Besançon, hôtel de ville

Cette statue, adossée à l’hôtel de ville, devant cette pierre bleue et jaune

(pas n’importe quelles couleurs…) Parent lointain du garçon au poisson 

qui décore ce blog ?


Pour ma propre intervention, sur André Dhôtel, comme on avait vingt

minutes, je me suis astreint à ne pas trop déborder sur les territoires 

nordiques. Pourtant, évidemment, John Bauer – entre autres – avait sa

place dans mon propos, ses trolls offrant aux gens une liaison entre les 

mondes humain, animal, végétal (voire minéral), de la même manière – ou

presque… – que le cheval pie dans Le Pays où l’on n’arrive jamais.


John Bauer

Je relis François Squevin en sortant de ce colloque ; et… D’abord, il y a 

cet avant-propos de Jean-Marie Le Sidaner – on en reparlera… – où il est

question dès l’entrée de métaphore.

Et, ce poème, page 11(Forêt du corps) :


« Toujours le besoin de te chercher

de t’emplir les lèvres

et le corps tout entier


La forêt est trop seule »


John Bauer

Il a été question un peu du Nord dans la discussion qui a suivi une 

intervention de Solenne Guyot (Université de Strasbourg) sur « Les forêts

ibséniennes : s’y perdre ou s’y retrouver ? »

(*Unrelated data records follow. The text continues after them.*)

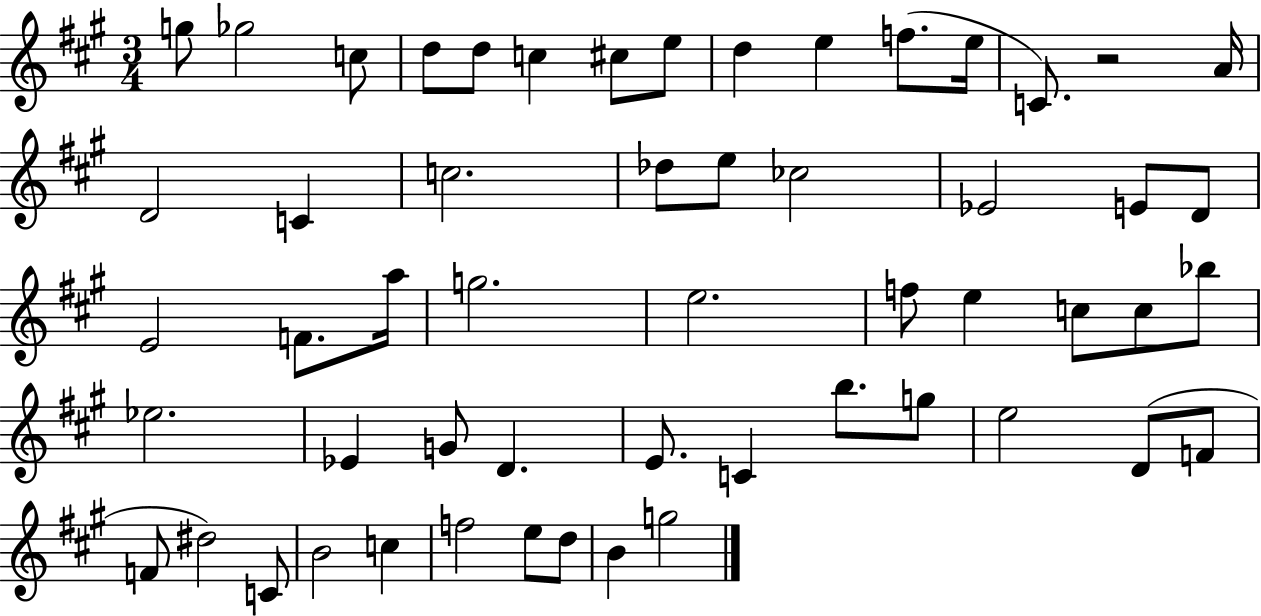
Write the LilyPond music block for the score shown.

{
  \clef treble
  \numericTimeSignature
  \time 3/4
  \key a \major
  g''8 ges''2 c''8 | d''8 d''8 c''4 cis''8 e''8 | d''4 e''4 f''8.( e''16 | c'8.) r2 a'16 | \break d'2 c'4 | c''2. | des''8 e''8 ces''2 | ees'2 e'8 d'8 | \break e'2 f'8. a''16 | g''2. | e''2. | f''8 e''4 c''8 c''8 bes''8 | \break ees''2. | ees'4 g'8 d'4. | e'8. c'4 b''8. g''8 | e''2 d'8( f'8 | \break f'8 dis''2) c'8 | b'2 c''4 | f''2 e''8 d''8 | b'4 g''2 | \break \bar "|."
}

Et dans la conférence elle-même, bien sûr. Là, allusion notamment à… 

Peer Gynt.

Il faudra revenir à Ibsen ; tâcher d’en trouver une version norvégienne

bilingue.

Mais l’intervenante d’insister sur le fait que chez Ibsen (elle évoqua Le 

Tertre des guerriers, Le Canard sauvage et Peer Gynt), la forêt était le 

cadre d'occasions manquées.


Assez étrangement, en marge du colloque, j’en vins à discuter avec une

universitaire des « autoévaluations », ici et là ; peste « managériale » qui,

manifestement, n’épargne pas les universités de certains pays européens

Voilà qu’on demande aux gens de savoir de s’abreuver aux sources de ce

qui abrite parfois l’ignorance la plus crasse !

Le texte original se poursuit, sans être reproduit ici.